▸ **INPUT DATA**:
Start of Block

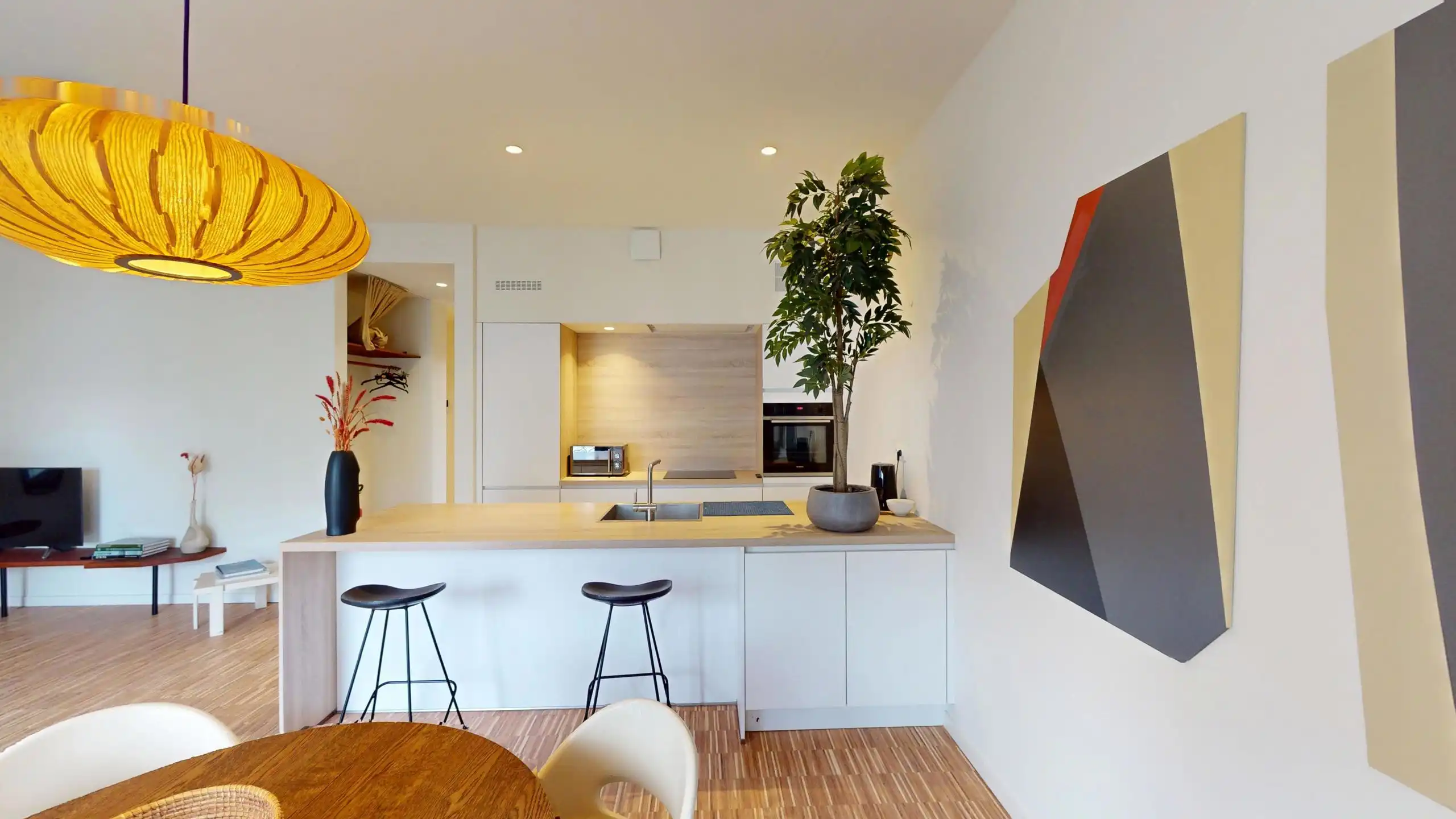 ANTWERPEN CENTRUM - Gemeubeld Eén slaapkamer appartement met terras foto 2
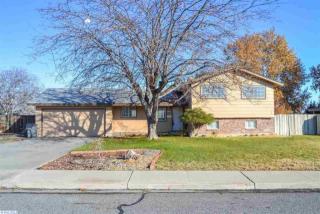 2412 Grand Ronde Pl, Kennewick, WA 99336-2536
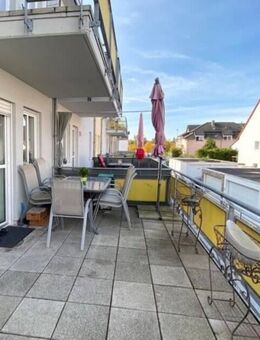 Schöne Maisonettewohnung mit zwei Balkonen! - Groß Zimmern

End of Block

▸ **TASK TO CARRY OUT**:
Could you transcribe exactly the lines from the one with "2412 Grand Ronde" through the end of the data, both ends included, and nothing else, skipping the pictures?

▸ **WRITTEN SOLUTION**:
 2412 Grand Ronde Pl, Kennewick, WA 99336-2536
 Schöne Maisonettewohnung mit zwei Balkonen! - Groß Zimmern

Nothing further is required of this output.